Digital tools make many aspects of assessment considerably easier. One of the most immediate and most exciting ways in which this can happen is Feedback. Digital tools are perfect for delivering feedback in multiple ways – automatically, directly or indirectly, on a global or very detailed level – while freeing teachers’ time and energy for personal guidance where it is put to best use.

In the last issue of Cloubi News we discussed Hattie’s (2009) three types of feedback and how they relate to digital assessment. This time round we’d like to share some ideas on how to integrate ways feeding up, feeding back and feeding forward into your learning products using Cloubi’s versatile toolset.

Feed up and Feed forward: Where am I going? Where next?

According to John Hattie, one of the most neglected aspects of feedback is learners’ ability to receive and apply it. Does feedback help someone understand what they don’t know, what they do know, and where they go? It is obvious that the value of personal guidance by a teacher cannot be overestimated. However, a high-quality learning material – digital or printed – will contribute to feeding up and forward as well.

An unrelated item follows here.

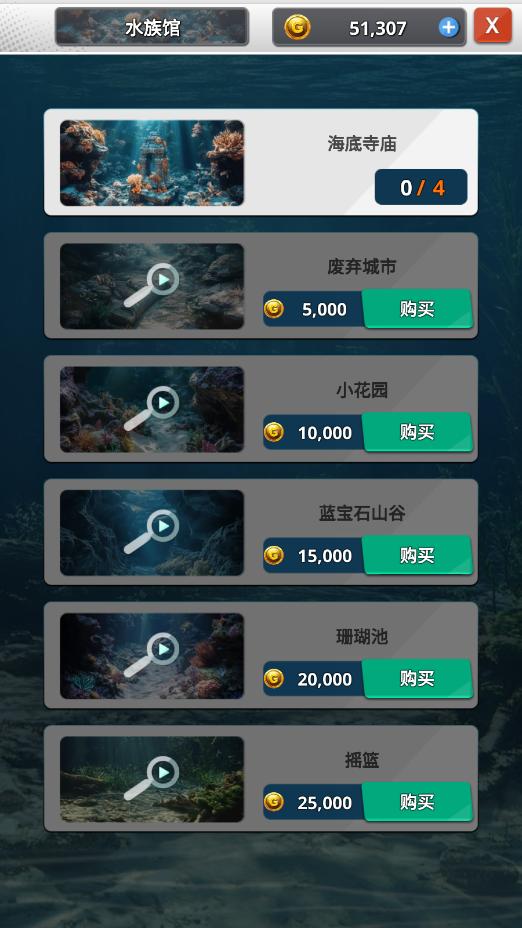 海洋钓鱼王截图4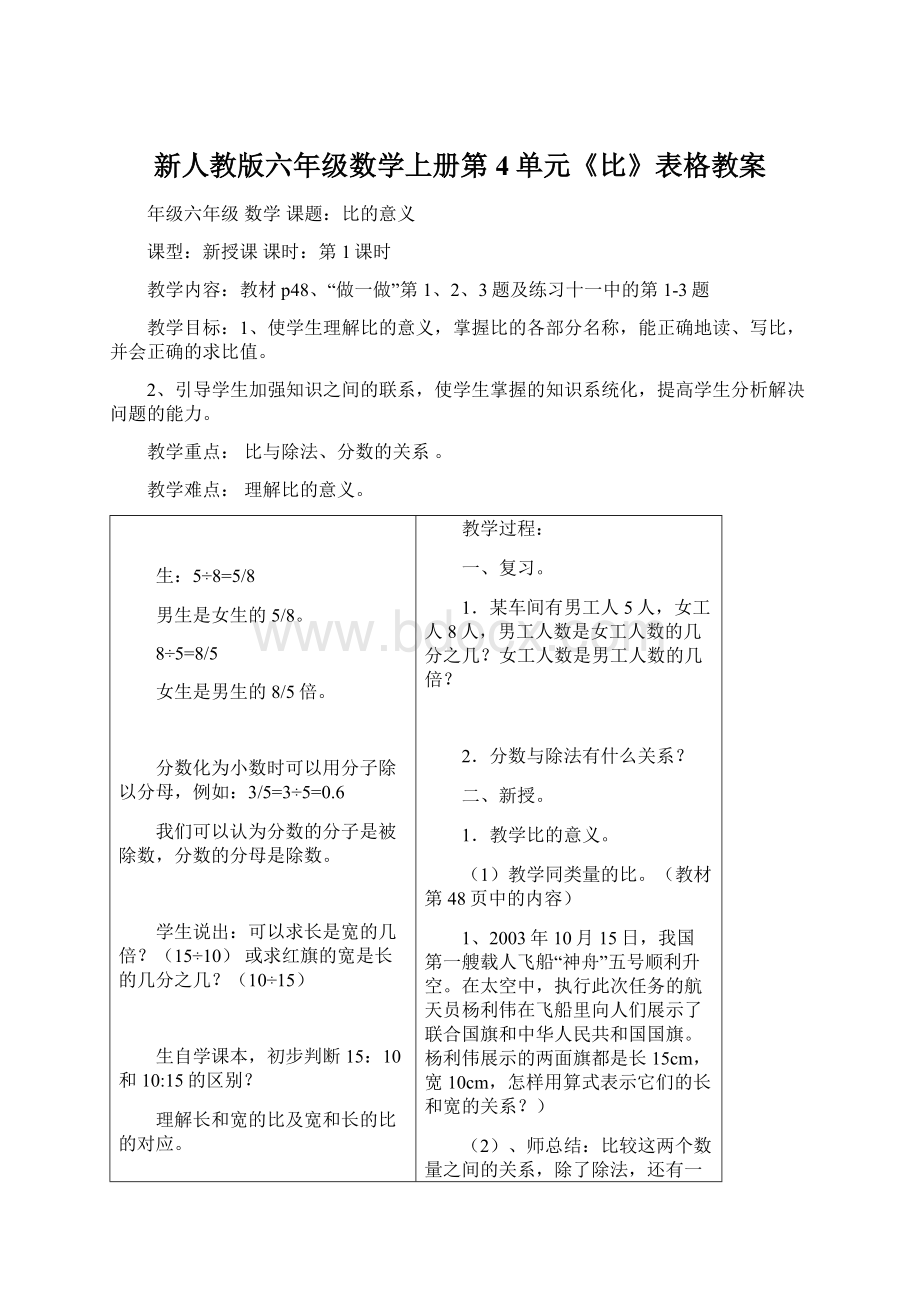 新人教版六年级数学上册第4单元《比》表格教案.docx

Aside from explicitly providing orientation about learning goals – as we showed in the last issue – there are also many indirect ways to bring feeding up and feeding forward into Cloubi.

Consider for instance the use of Cloubi’s Gamification features and Adaptive Task Packages:

  • When using achievements to reward students for their progress through a learning product, consider their value with respect to if they help the learner understand where they are heading. Using multiple achievement levels with clearly defined descriptions has the double benefit of not only motivating learners, but also serving implicitly as a guidepost for what content is yet to come.
  • A similar rule can be applied to Adaptive Task Packages. As we showed in most recent Webinar, the package has the possibility to provide Where am I going? Feedback already built in. A well-thought-out use of the first and last pages of a package – the first page typically including a self-test for students to see where they currently are – can go a long way in guiding the student through it and helping him see where they’re at.

Feed back: How am I doing?

The Cloubi Task editor offers multiple options for providing feedback automatically and immediately. Here are two ways to enhance the feedback you provide in Cloubi tasks.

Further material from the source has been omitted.